### EXTRACTED INFORMATION
○ ○ ○ ○ ○
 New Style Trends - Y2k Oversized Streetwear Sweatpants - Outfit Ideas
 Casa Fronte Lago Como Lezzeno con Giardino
○ ○ ○ ○ ○
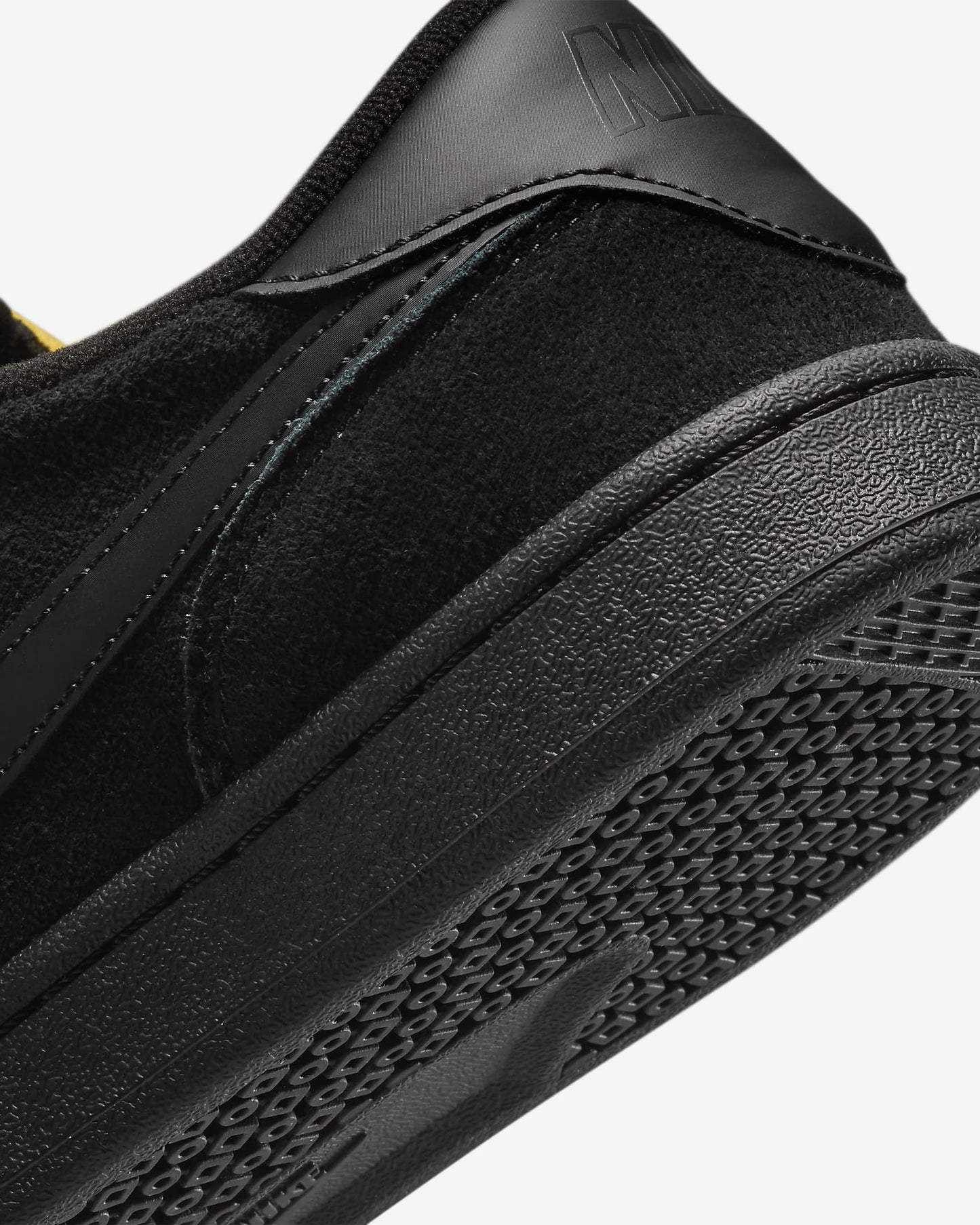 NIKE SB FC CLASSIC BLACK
○ ○ ○ ○ ○
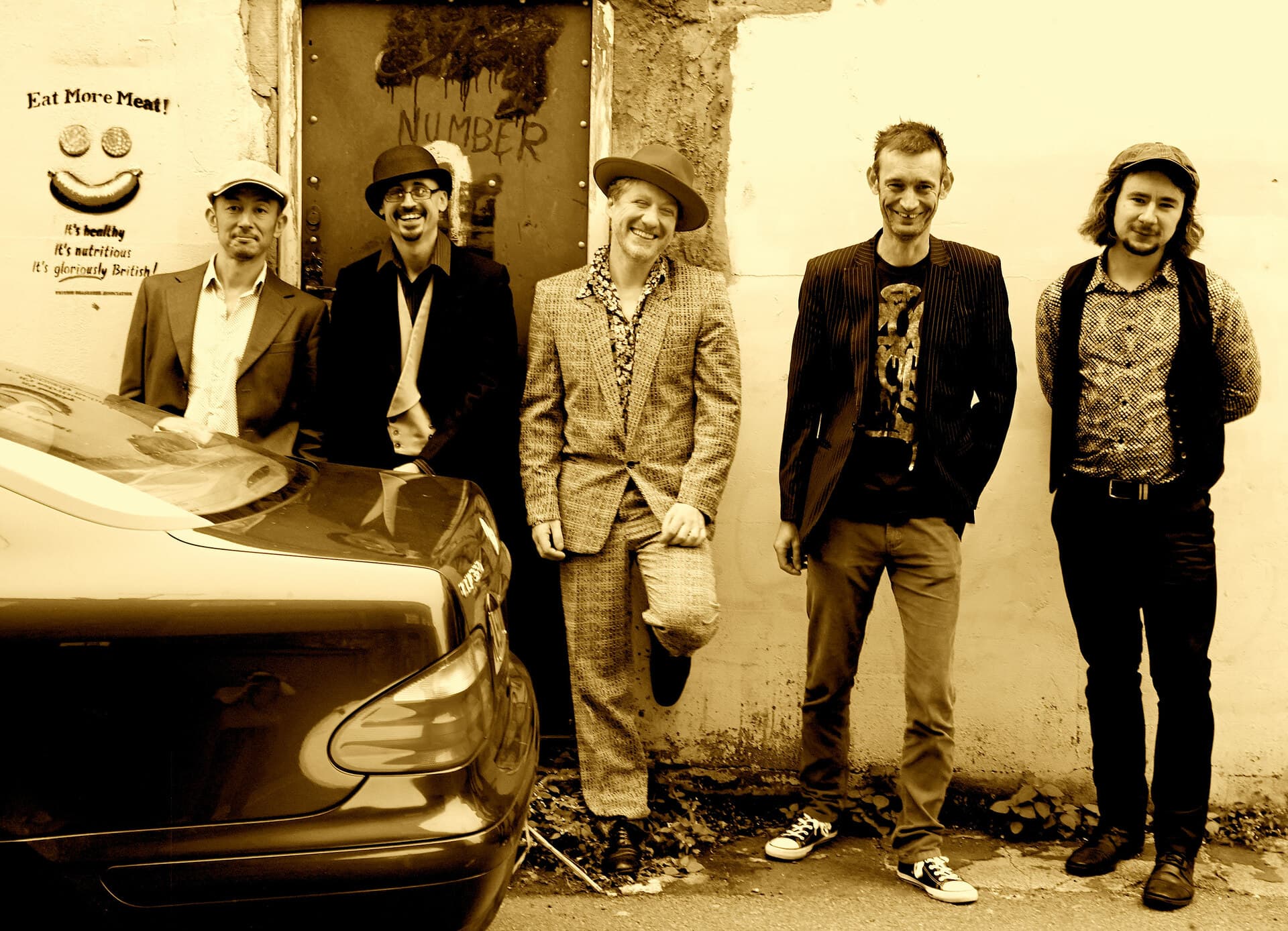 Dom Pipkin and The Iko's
○ ○ ○ ○ ○
### PROMPT
Could you restate, word for word, the lines above from the one with "New Style Trends" to the one with "Casa Fronte Lago Como Lezzeno con Giardino", both included?

### TASK SOLUTION
 New Style Trends - Y2k Oversized Streetwear Sweatpants - Outfit Ideas
 Casa Fronte Lago Como Lezzeno con Giardino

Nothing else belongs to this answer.